The city of Bessemer plans to construct a pedestrian bridge over State Highway 150 which will connect the city’s Rail-Trail system to its recreation center at Roosevelt Park.
The project is still in its preliminary design phase and is being planned in conjunction with the Alabama Department of Transportation. A public hearing on the project is scheduled for Tuesday, October 1, at 7 p.m. at Bessemer City Hall, 1700 Third Avenue North. The public hearing will be held during the Bessemer City Council meeting.
Renderings of the proposed bridge are also available in the lobby of the City Hall.

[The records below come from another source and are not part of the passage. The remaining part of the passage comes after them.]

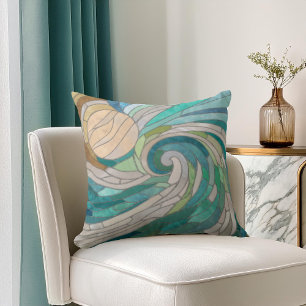 Cojín Decorativo Ola de mosaico y luna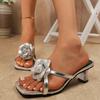 Fashion Silver Flower Decor High Heel Slippers for Women 2025 Summer Thin Heeled Square Toe Sandals Woman Fashion Party Sandalias Mujer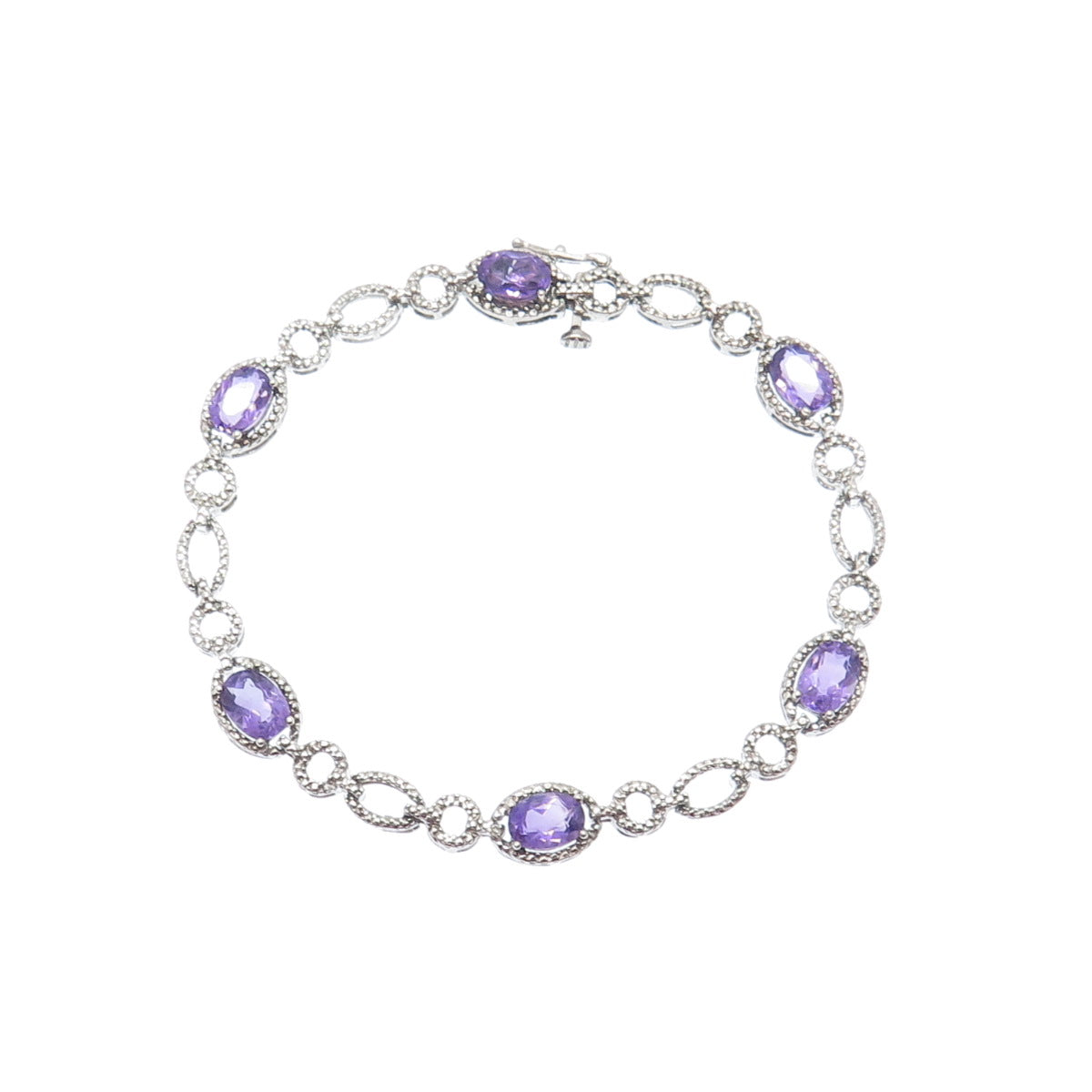 925 Sterling Silver Real Diamond Accent & Amethyst Gem Rolo Link Bracelet 7.25"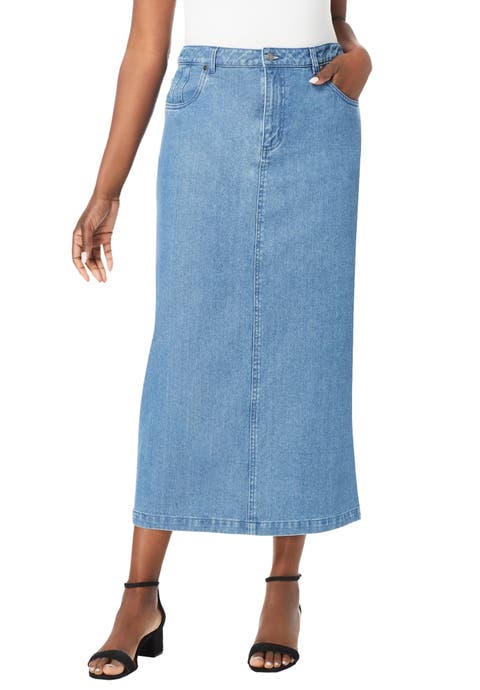 Classic Cotton Denim Midi Skirt (Plus)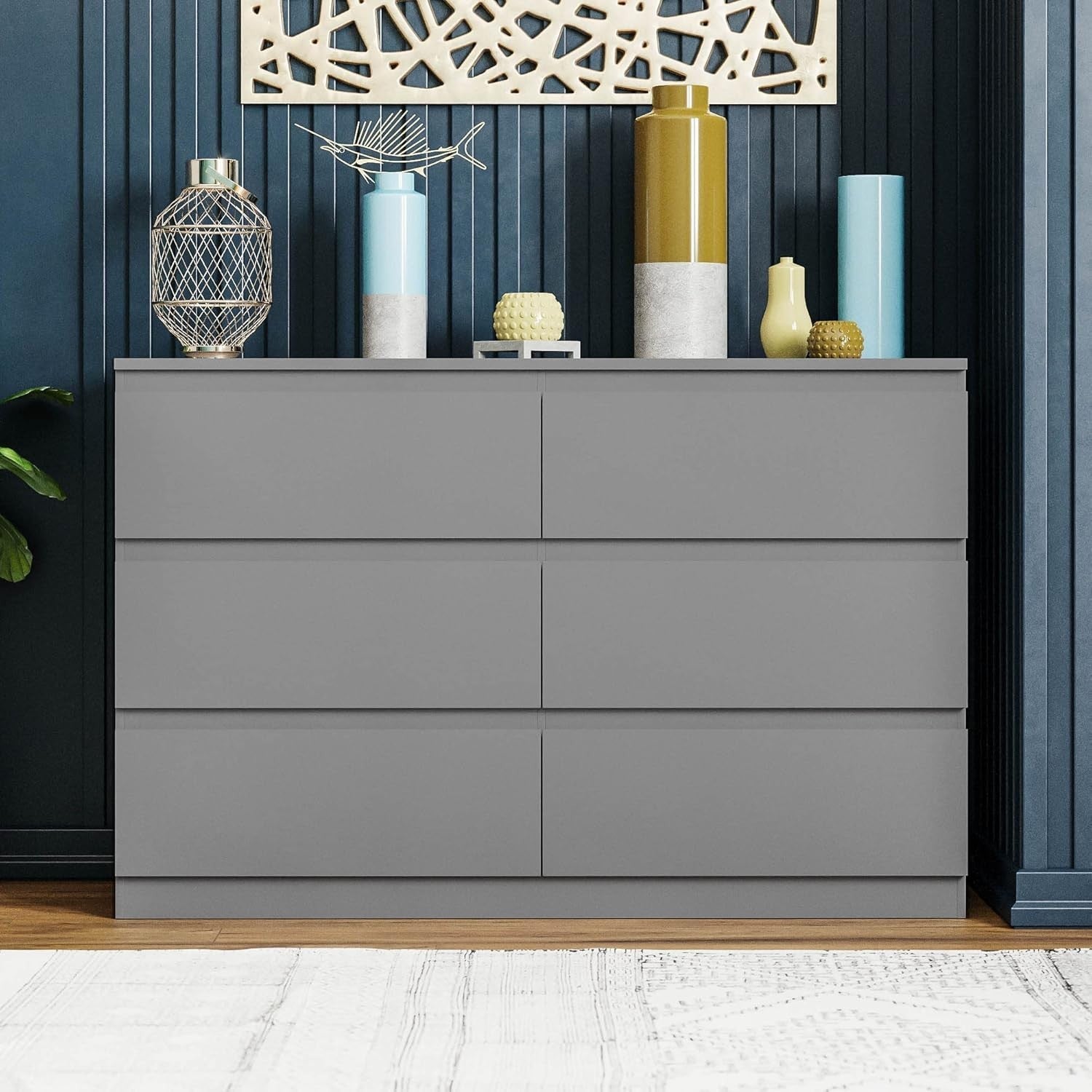 Modern 6-Drawer Grey Wooden Chest Storage Unit - Space-Saving Bedroom Organizer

Bessemer was recently awarded federal Transportation Alternative Program, or TAP, grant funds through the state to construct the bridge. The grant funds will pay for 80 percent of the anticipated $1.2 million cost of the project. The remaining monies will come from the city.
Construction on the bridge is slated for the latter half of 2020.
Mayor Kenneth Gulley said the pedestrian bridge will allow residents who use the city’s recreation center to access the city’s burgeoning rail-trail.
“We want our residents to safely be able to go from the Recreation Center to the trail without having to navigate the traffic on the busy highway,” Gulley said.
Gulley said Bessemer is becoming a healthier city by offering residents access to amenities such as trails and recreational opportunities.
Bessemer’s Rail-Trail opened in April 2018 and sits on what once was an elevated railroad line known as the Atlantic Coast Line Railroad that ran parallel to Highway 150, or 14th Street South. The line was in operation from 1946 to 1988 when it was abandoned. CSX Railroad donated the property to the city.
A combination of federal and local funding is paying for construction of the trail, which is being completed in phases. A second phase will start later this year and will include the construction of a trail bridge over Berkley Avenue. The Community Foundation of Greater Birmingham has contributed $50,000 towards the second phase of the project.
City leaders envision the trail stretching from the city’s Historic Downtown to Lakeshore Drive, where it can connect in the future to the trails in Red Mountain Park as part of the Red Rock Ridge and Valley Trails System.
The $15 million Bessemer recreation center opened in September 2016 at Roosevelt Park and now boasts a membership of more than 5,000 patrons.